Traditionally, engineering culture has limited rather than fostered diversity in engineering. To address this persistent issue, we examine how diverse students identify with engineering and navigate the culture of engineering. We define diversity not by making a priori categorizations according to traditional demographic information (e.g., race, gender, sexual orientation, etc.), but instead by investigating the variation in students’ attitudinal profiles on a host of affective measures. Using these measures, we develop an identification of large, “normative” groups of engineers as well as “non-normative” students who emerge as having distinct attitudinal profiles. This mixed methods study investigates the intersectionality of engineering students' personal identities to understand: How do non-normative groups in engineering form an engineering identity and navigate a culture dominated by limited diversity?

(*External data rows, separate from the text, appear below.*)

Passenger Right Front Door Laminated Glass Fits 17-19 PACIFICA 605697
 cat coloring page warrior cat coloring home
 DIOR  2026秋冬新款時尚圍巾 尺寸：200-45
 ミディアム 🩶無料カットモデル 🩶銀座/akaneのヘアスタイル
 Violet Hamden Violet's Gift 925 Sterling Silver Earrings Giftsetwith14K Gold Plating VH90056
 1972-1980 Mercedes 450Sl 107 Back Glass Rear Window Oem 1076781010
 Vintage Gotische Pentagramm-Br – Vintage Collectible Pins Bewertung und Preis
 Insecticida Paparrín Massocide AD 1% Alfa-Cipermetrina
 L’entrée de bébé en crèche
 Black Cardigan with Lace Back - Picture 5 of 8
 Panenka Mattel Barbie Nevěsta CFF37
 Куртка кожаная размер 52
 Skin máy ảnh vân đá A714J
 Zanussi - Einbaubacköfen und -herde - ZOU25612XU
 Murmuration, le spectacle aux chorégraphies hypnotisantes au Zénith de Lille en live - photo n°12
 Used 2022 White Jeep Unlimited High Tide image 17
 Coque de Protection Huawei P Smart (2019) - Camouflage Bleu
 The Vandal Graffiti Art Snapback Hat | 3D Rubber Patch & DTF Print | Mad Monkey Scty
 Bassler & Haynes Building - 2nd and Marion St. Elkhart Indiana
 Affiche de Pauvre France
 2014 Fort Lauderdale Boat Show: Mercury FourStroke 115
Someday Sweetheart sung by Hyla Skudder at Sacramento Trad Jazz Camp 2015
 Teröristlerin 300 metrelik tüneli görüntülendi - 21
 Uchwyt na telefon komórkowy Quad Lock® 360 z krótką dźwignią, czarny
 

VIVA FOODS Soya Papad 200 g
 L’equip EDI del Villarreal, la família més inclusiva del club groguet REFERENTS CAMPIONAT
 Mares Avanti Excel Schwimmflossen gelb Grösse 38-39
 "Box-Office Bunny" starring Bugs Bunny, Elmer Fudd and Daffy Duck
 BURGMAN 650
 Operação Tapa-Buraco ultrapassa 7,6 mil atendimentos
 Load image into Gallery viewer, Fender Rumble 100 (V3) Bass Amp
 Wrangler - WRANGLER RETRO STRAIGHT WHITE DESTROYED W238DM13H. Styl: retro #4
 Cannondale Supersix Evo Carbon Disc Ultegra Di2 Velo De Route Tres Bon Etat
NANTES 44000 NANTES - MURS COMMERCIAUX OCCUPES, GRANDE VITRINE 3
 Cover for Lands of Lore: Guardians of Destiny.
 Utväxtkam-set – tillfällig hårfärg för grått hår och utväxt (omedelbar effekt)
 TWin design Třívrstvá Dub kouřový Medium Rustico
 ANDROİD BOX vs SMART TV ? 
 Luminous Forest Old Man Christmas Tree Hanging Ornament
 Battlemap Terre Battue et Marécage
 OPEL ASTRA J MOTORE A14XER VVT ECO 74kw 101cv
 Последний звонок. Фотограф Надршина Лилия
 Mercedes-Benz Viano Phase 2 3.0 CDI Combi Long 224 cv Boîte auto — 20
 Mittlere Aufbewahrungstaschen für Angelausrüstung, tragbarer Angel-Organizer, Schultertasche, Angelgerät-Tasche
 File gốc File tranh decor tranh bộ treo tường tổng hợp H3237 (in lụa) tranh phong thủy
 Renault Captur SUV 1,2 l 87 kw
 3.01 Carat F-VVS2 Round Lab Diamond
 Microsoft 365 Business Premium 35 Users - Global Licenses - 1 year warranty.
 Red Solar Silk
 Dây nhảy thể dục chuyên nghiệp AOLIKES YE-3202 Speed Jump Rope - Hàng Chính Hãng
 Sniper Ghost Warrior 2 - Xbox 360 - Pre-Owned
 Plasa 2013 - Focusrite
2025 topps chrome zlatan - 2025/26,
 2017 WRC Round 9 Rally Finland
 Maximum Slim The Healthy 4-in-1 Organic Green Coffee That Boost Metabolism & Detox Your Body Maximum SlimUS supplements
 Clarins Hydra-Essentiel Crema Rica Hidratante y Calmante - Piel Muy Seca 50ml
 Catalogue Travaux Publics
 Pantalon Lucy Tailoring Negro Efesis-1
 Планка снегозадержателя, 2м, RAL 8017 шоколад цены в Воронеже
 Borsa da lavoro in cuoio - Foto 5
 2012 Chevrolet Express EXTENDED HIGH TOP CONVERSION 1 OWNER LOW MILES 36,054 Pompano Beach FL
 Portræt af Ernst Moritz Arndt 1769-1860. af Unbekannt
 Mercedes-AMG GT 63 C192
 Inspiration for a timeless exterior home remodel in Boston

The focus of this paper is on the first phase this project, in which students' identities, motivation, psychological traits, perceived supports and barriers to engineering, and other background information is being quantitatively assessed. Pilot survey data were collected from participants enrolled in second semester first-year engineering programs across three institutions (n=374). We used topological data analysis (TDA) to create normative and non-normative attitudinal profiles of respondents. As a relatively new and powerful set of analytic methods, TDA clusters variegated data to understand an underlying structure, or topology, which emerges from the data. Our preliminary results show definite patterns which we then break down according to students' self-identified demographics. Additionally, a subset of participants who completed our quantitative instrument were interviewed about their experiences in and identification with engineering (n=7). Initial qualitative data analysis indicate that students who reside at intersectional boundaries of diversity have difficulty finding similar role models in engineering and often find themselves expending additional effort when compared to their peers to establish themselves in both engineering and non-engineering communities. Results of this quantitative and qualitative work were used to further refine the quantitative instrument that is to be used in subsequent phases of the project.
Addressing student perceptions that they do not fit in engineering can begin to staunch the exodus of talented individuals from engineering majors. The use of practical methods in this study to understand students' identities as they relate to engineering can be used to attract more students into engineering. An increase in the number of students in engineering will help initiate a much-needed shift toward a more innovative approaches to engineering solutions than may be develop by traditional “normative” groups. We are refining our quantitative instrument to identify and measure engineering students' attitudinal profiles and the underlying analytic techniques. The next phases of the study will assess the target population of engineering students across four institutions in a large-scale quantitative analysis of students’ attitudinal profiles (n ~ 2000). Once student clusters are established, exemplar students from each will be longitudinally tracked via qualitative interviews to elucidate the ways in which students navigate engineering cultures.